* **Description of the task**
With the pictures omitted, transcribe each line below exactly as it is.

* **Data to examine**
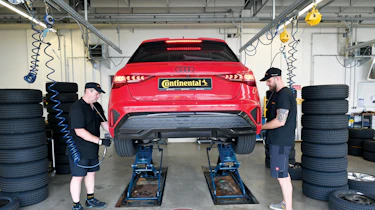 2026 Tyre Test - Audi on ramp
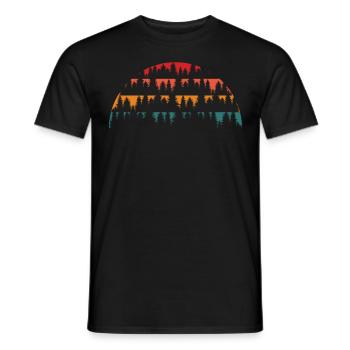 Trees in the wild - Men's T-Shirt - black - Front - AI Model Male 178 light (178cm)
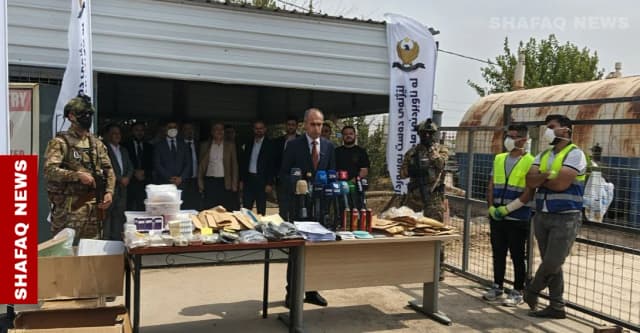 وە بڕیار دادگا.. سزانن و لەناوبردن زیاتر لە نیم تەن مادەی "کبتاگۆن" لە هەولێر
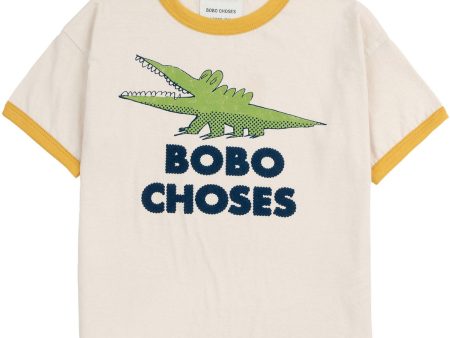 Bobo Choses White Talking Crocodile T-Shirt Online Sale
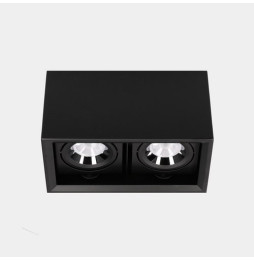 LedsC4 - Downlight MULTIDIR SURFACE BIG DOUBLE 46.2W blanco cálido 3000K CRI 90 22.7º DALI-2 negro IN IP20 / OUT IP54 5470lm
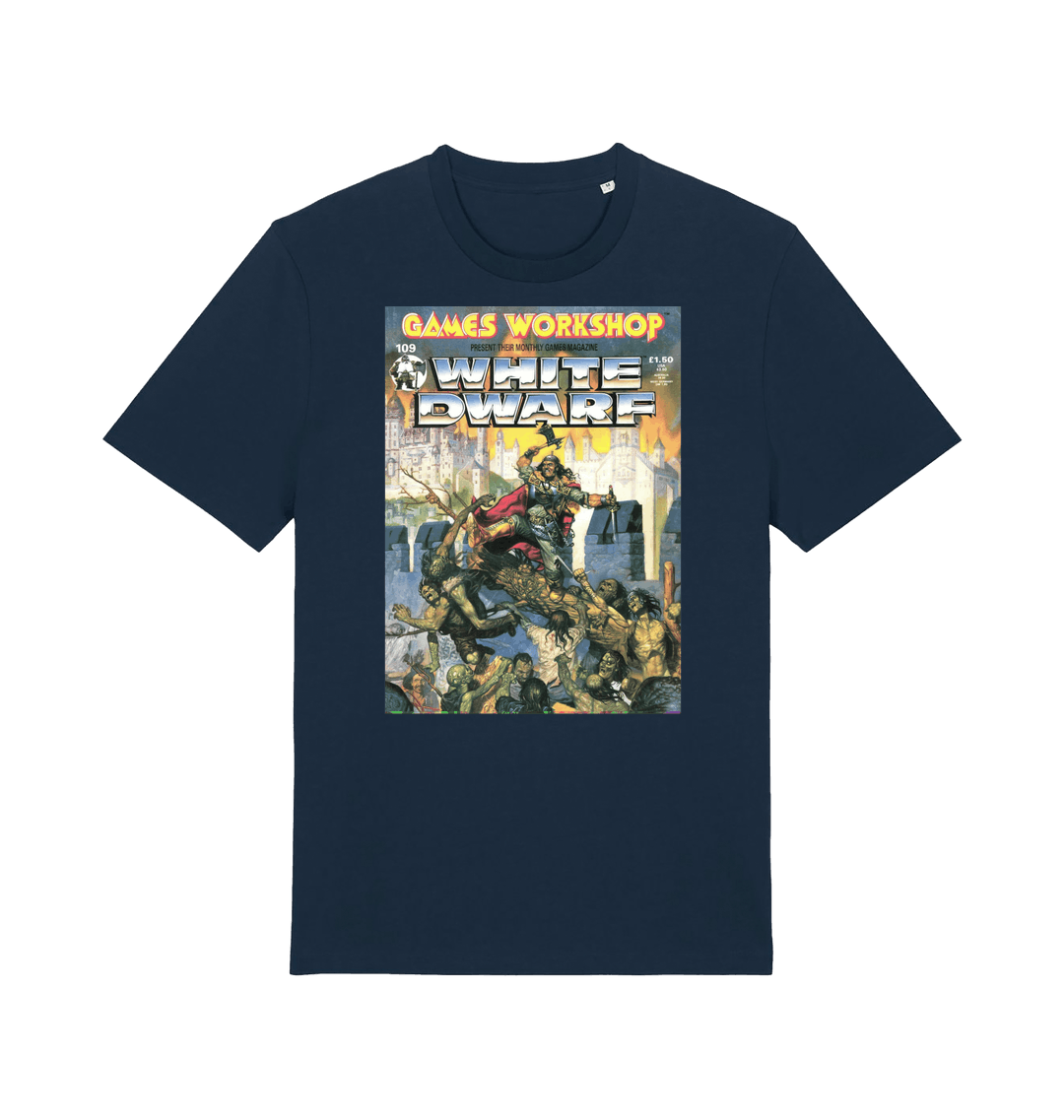 French Navy Printed T-shirt Front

* **Answer section**
 2026 Tyre Test - Audi on ramp
 Trees in the wild - Men's T-Shirt - black - Front - AI Model Male 178 light (178cm)
 وە بڕیار دادگا.. سزانن و لەناوبردن زیاتر لە نیم تەن مادەی "کبتاگۆن" لە هەولێر
 Bobo Choses White Talking Crocodile T-Shirt Online Sale
 LedsC4 - Downlight MULTIDIR SURFACE BIG DOUBLE 46.2W blanco cálido 3000K CRI 90 22.7º DALI-2 negro IN IP20 / OUT IP54 5470lm
 French Navy Printed T-shirt Front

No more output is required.